L’articolo di Dink, però, raccontava una versione diversa, secondo la quale Sabiha Gökçen sarebbe stata un’orfana armena, finita in orfanotrofio dopo aver perso entrambi i genitori nel genocidio del 1915. Sarebbe stata quindi una dei tanti armeni islamizzati, bambini strappati alle loro famiglie, orfani cristiani allevati da musulmani, donne che scamparono al massacro finendo per sposare gendarmi turchi, le cui storie facevano ancora fatica a venire alla luce. 

L’articolo fu percepito come uno sfregio volontario dell’immagine non solo di Sabiha Gökçen, ma anche di Atatürk e in generale dell’identità turca. 

Le reazioni, durissime, arrivarono da diversi fronti: dalla Lega dell’Aviazione Turca, dai piloti veterani, dall’Università di Istanbul, e ovviamente dai media. Alcuni parlarono della notizia delle origini armene come “di una ferita sociale”, altri di una cospirazione dell’imperialismo occidentale. 

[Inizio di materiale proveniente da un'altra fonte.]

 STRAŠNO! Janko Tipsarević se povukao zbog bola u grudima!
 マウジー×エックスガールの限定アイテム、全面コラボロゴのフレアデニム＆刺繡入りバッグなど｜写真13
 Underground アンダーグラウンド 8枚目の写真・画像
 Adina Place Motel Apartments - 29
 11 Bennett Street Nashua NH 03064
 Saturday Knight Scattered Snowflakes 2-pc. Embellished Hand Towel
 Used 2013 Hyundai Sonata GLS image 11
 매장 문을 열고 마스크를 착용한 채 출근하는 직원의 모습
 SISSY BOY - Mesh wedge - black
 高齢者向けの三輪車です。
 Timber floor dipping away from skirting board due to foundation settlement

Dink non andò incontro a conseguenze legali per il suo articolo, ma subì intimidazioni e minacce da parte delle autorità, supportate, probabilmente, dalla polizia segreta. A questo si sommarono gli attacchi degli ultranazionalisti, che si radunavano ripetutamente di fronte alla sede di Agos urlando “ama questo paese o lascialo” oppure minacciando “potremmo presentarci all’improvviso una notte”.

All’inizio del 2007 l’ostilità nei confronti di Dink era fortissima, ma non abbastanza da metterlo in crisi, come scriveva in un articolo del gennaio del 2007. Era certo che il malinteso generato dai suoi articoli si sarebbe chiarito e che la giustizia avrebbe fatto il suo corso. 

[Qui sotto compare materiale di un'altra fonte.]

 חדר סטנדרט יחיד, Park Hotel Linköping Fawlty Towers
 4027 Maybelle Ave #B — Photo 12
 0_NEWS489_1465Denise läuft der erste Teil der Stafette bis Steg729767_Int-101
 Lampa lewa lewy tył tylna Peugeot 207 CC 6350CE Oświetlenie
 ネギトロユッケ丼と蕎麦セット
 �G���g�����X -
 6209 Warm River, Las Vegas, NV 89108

Ma si sbagliava. Qualche giorno dopo, il 19 gennaio, Dink venne ucciso con tre colpi di pistola all’uscita dalla sede di Agos. 

A sparare fu Ogun Samast, un ultranazionalista all’epoca dei fatti ancora minorenne.  Samast fu stato processato in un tribunale per minori e condannato nel 2011 a ventitre anni di detenzione per il crimine commesso.  Insieme a Samast furono condannati Erhan Tuncel che aveva fornito l’arma e Yasin Hayal, che si ritiene abbia istigato Samast all’omicidio.

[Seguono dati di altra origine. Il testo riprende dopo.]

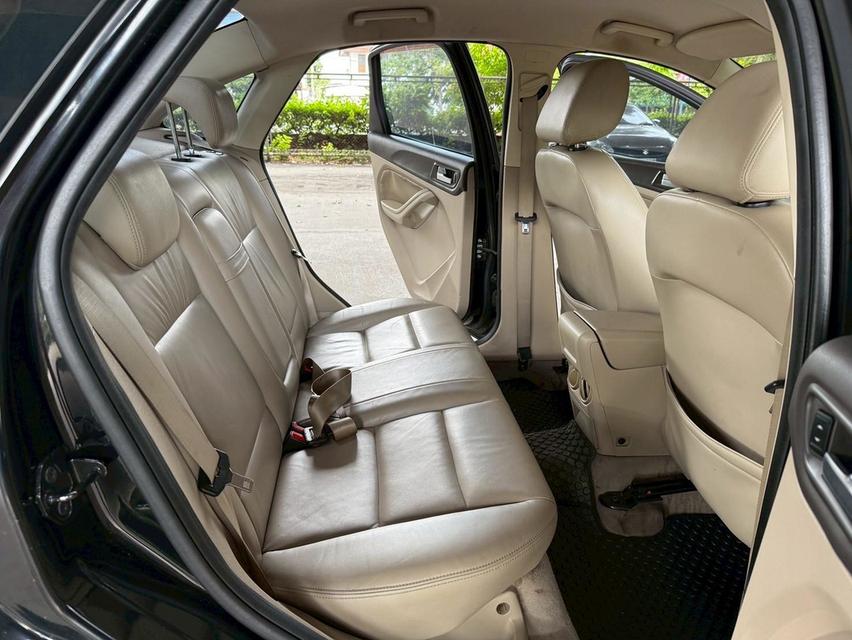 Ford Focus 1.8 Finesse Sedan AT ปี 2011 10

Nonostante le condanne, però, sulla vicenda rimanevano delle ombre, gettate dal sospetto che le responsabilità fossero da ricercare più alto, fra le forze di polizia che, pur essendo a conoscenza del pericolo che correva il giornalista, avevano deliberatamente deciso di non intervenire. 

Nel luglio del 2016, settantasei fra ufficiali di polizia e membri della gendarmeria paramilitare della regione di Trabzon e Istanbul furono accusati di complicità nell’organizzazione dell’omicidio.

Nel marzo del 2021 è arrivata la condanna per molti degli imputati. Il tribunale di Istanbul ha  condannato all’ergastolo aggravato l’ex responsabile del dipartimento dell’intelligence, Ramazan Akyurek, e l’ex capo dell’ufficio dell’intelligence di Istanbul, Ali Fuat Yilmazer. Condannato a 28 anni di reclusione l’ex comandante della gendarmeria di Trebisonda, Ali Oz. 

La responsabilità del reato è stata attribuita dai giudici a FETÖ, acronimo turco di “Organizzazione Terroristica Fethullahnista” utilizzato dagli organi governativi per definire la rete legata a Fethullah Gülen, il predicatore turco, esiliato negli Stati Uniti dal 1999, accusato dalla Turchia di essere stato artefice del tentato colpo di stato contro il presidente Recep Tayyip Erdogan il 15 luglio 2016. Lo stesso Gülen era nell’elenco degli imputati al processo, venendone assolto. 

Dopo il verdetto, la famiglia e gli amici di Hrant Dink hanno annunciato l’intenzione di ricorrere in appello e chiedere che le indagini proseguano perché emergano i nomi dei veri mandanti. 

Sembra inoltre che i processi e le condanne non siano riusciti a gettare luce sull’atmosfera oscura in cui è maturato l’omicidio, ricostruendo le cause del  clima di astio e oppressione che ha fatto di un diciassettenne un assassino. 

Clima che nel tempo non sembra essersi schiarito. Per questa ragione, ancora oggi, per il quindicesimo anno di seguito, molti cittadini di Turchia sono tornati in strada, in quello stesso punto, a ripetere “Siamo tutti Armeni. Siamo tutti Hrant Dink”.